Zelle forces you to answer the question, do you really know this person? Is this who you are really thinking about? Is the phone number right? It forces a consumer to say, “All right, I’m taking responsibility here.” 

Immediate payments are designed to take friction out of payments, but you have to keep some friction there from a cybersecurity standpoint to protect not only the bank, but also your customer.

The threat has moved from the institution to the human element, making consumer education more important than ever. 

We do a lot of training. In fact, in several of our markets (we have 23 locations), we join forces with other banks in those communities and hold community, cybersecurity, and consumer-protection events together.

And I think that’s just fabulous. This is not about bank competition. This is, “How do we inform our customers? How do we protect our customers?” and I think the more of that we do as an industry, the better.

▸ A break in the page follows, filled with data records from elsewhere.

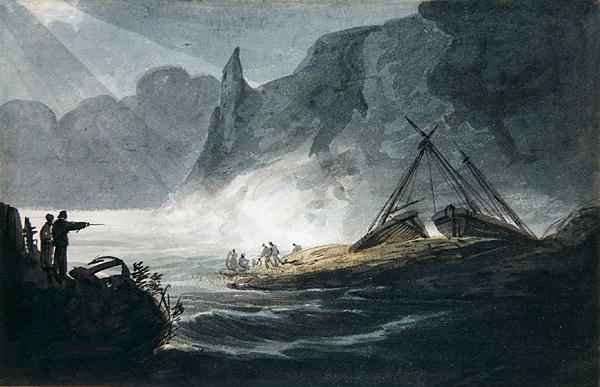 Rocky coastal scene by Romanticism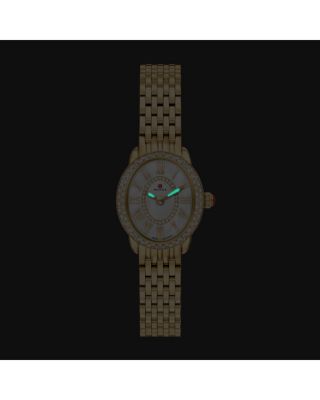 Serein Oval Diamond 18K Gold-Plated Watch, 24mm x 27mm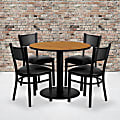 Flash Furniture Round Laminate Table Set With 4 Grid-Back Metal Chairs, 30"H x 36"W x 36"D, Natural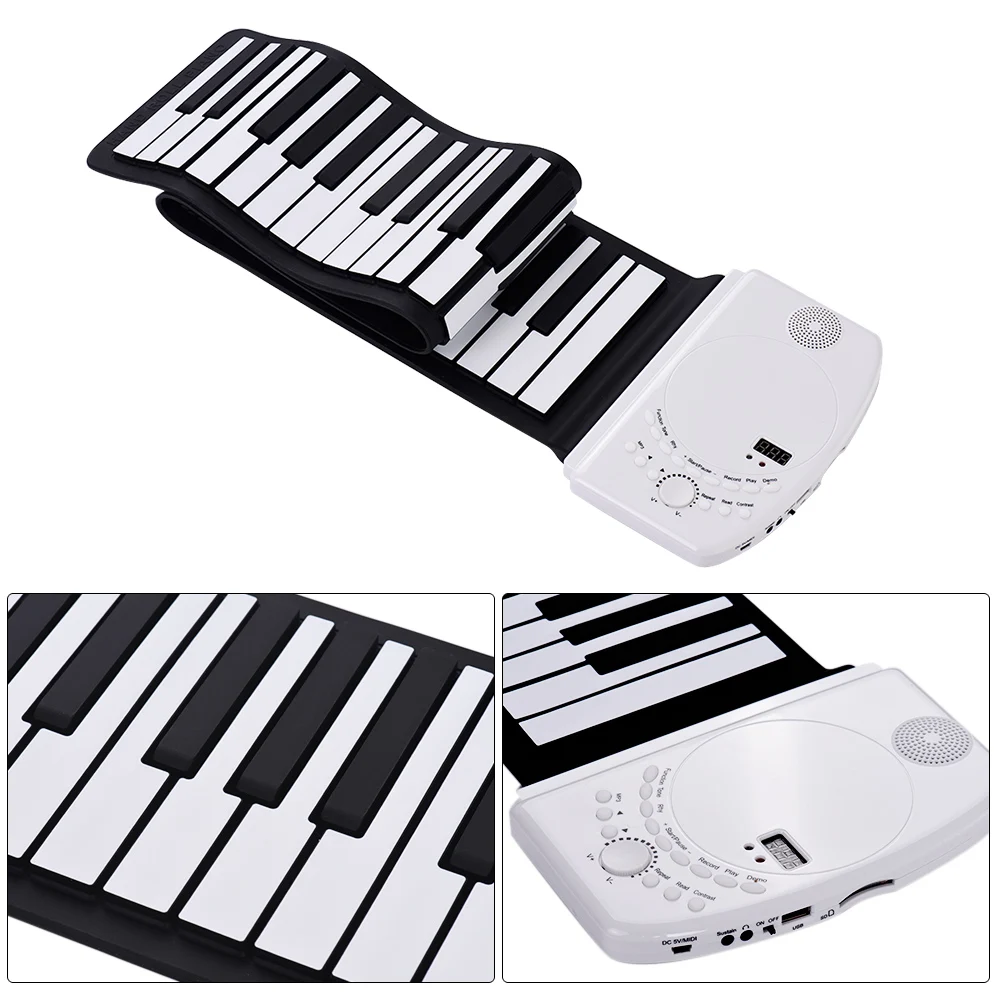 

Portable 88 Keys Roll Up Piano Flexible Soft Silicone Electronic Piano Keyboard Built-in Loud Speaker Recharge Battery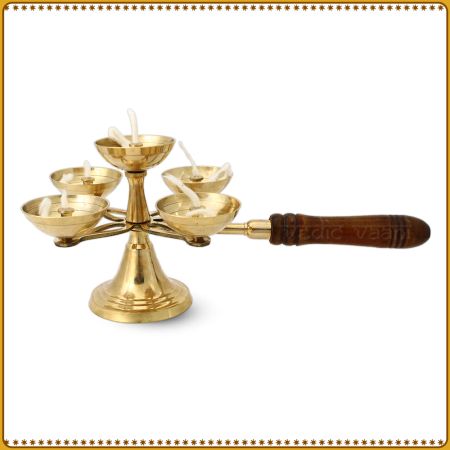 Pancharti Panch Deepak, Brass Diya for Temple Pooja Gifts Decor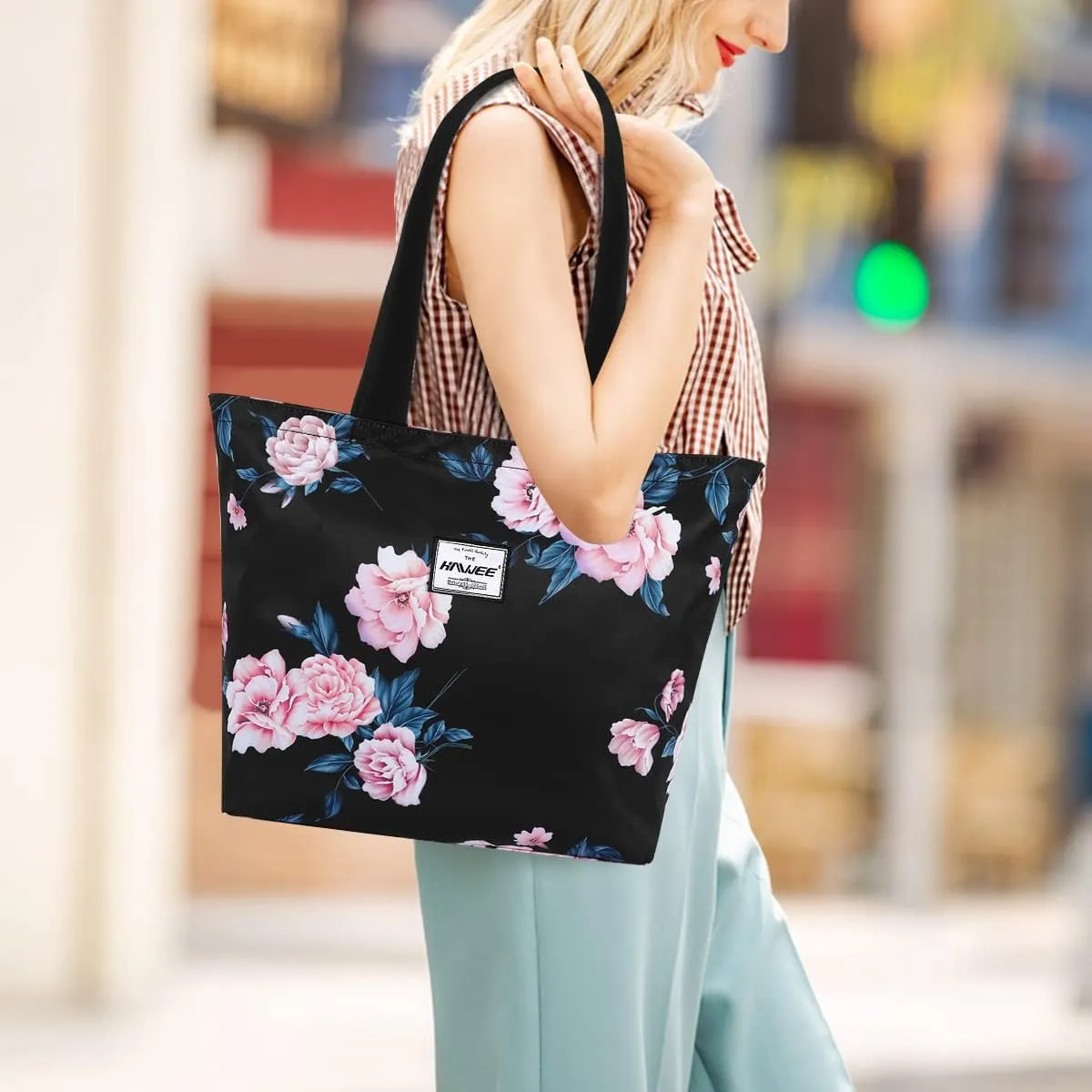 Tote Bag with Zipper for Women Inside Mesh Pocket Heavy Duty Casual Anti-water Cloth Travel Shoulder Handbag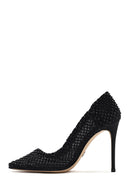 Woman Black Stoned High Thin Heels Leather Stiletto | Derimod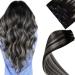 Laavoo clip in Extensions real hair ombre black 45cm silver clip in hair extension 70g 5pcs clip real hair extensions remy human hair extensions black silver full head #1b/silver/1b 45cm-70g 3.4 #1b/s/1b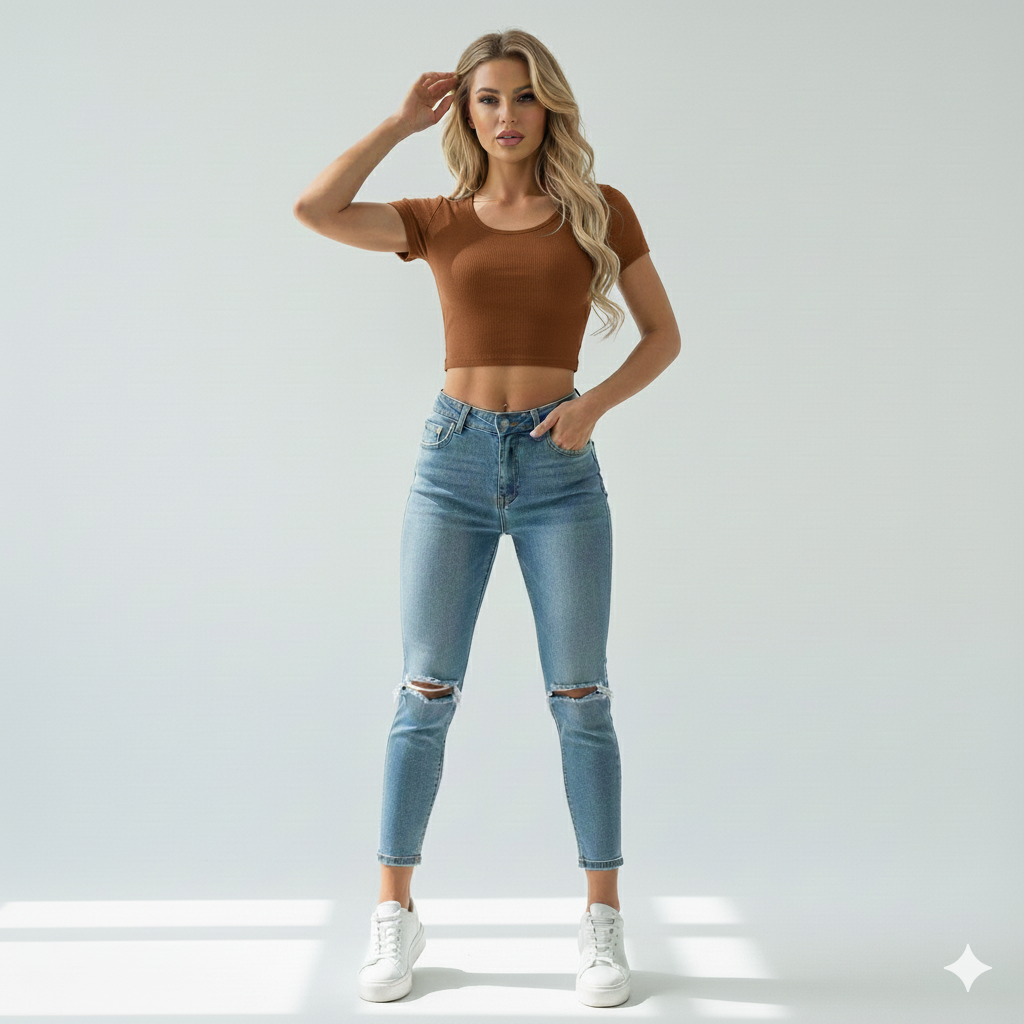 ROUND NECK HALF SLEEVES WOMEN TANK TOP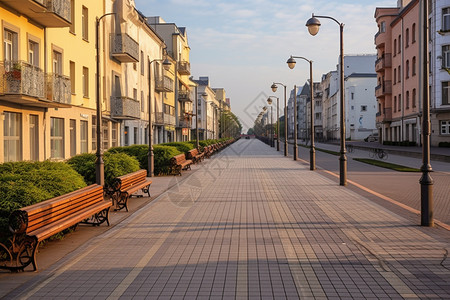 城市景观木板路图片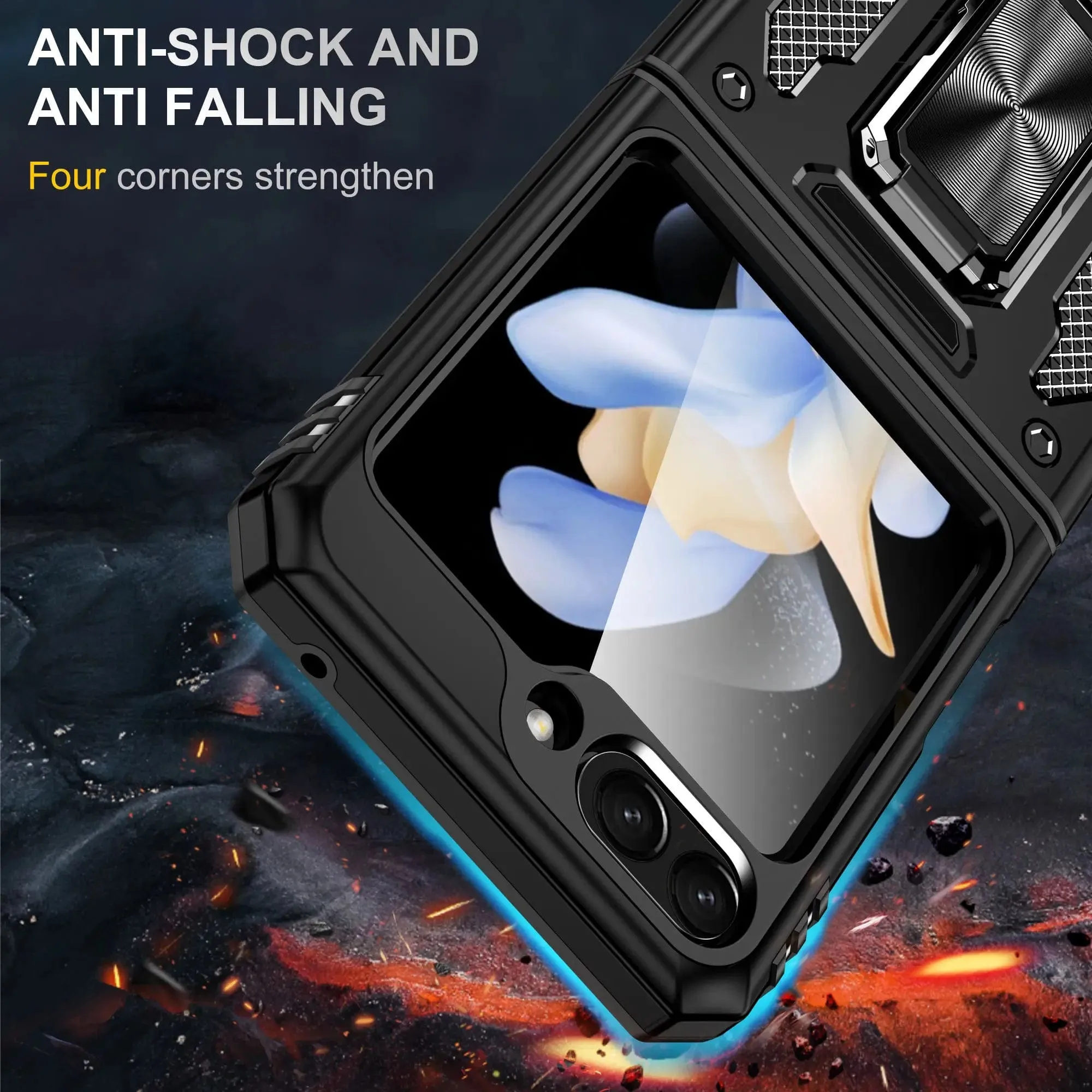 Magnetic Case With Kickstand & Camera Cover For Samsung Z Flip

Thankfully, the Fed has all sorts of stuff and the FDIC and OCC have stuff too, but all you can do is try to bring people to the trough. They’ll come at their own pace.

Q: What actionable steps should banking leaders take today to harden their cybersecurity posture?

For any community bank, there are several foundational steps that should be prioritized:

Implement Domain Integrity

To me, .Bank is the foundation of cybersecurity for community banks.

It tells the customer exactly who you are and ensures that the entity behind the website has been vetted—not everyone can get a .Bank domain name.

It’s a simple step that provides a lot of watchdog protection and doesn’t take a lot of work. It’s not a size issue either. I’ve seen banks in the state of varying sizes convert to the .Bank domain.

Audit Your Vendors Continuously

Loyalty to a vendor is nice, but you have to occasionally look at other options because the field is advancing so fast.

A vendor who was top-of-the-game five years ago might be number ten today. Hold them accountable for how they are using AI and protecting your data. As President Reagan said, “trust but verify.”

Embrace “Healthy Friction”

As I said before, we all want a frictionless experience, but in cybersecurity, you need friction. You have to nudge and sometimes force customers to take accountability for their own protection.

Collaborate With Competitors

Security and cybersecurity are not competitive. If two banks in town get attacked, the whole town can lose trust in all of the banks in the community. Join forces with other local banks to hold community training events and consumer protection seminars.

I’m very optimistic that community banks can compete, especially if they can attract the right talent. I acknowledge that the challenges are different, but I still think the future is just as bright as it’s always been. Cybersecurity scares a lot of people, but technology, to me, is what can help a community bank remain viable in the long term.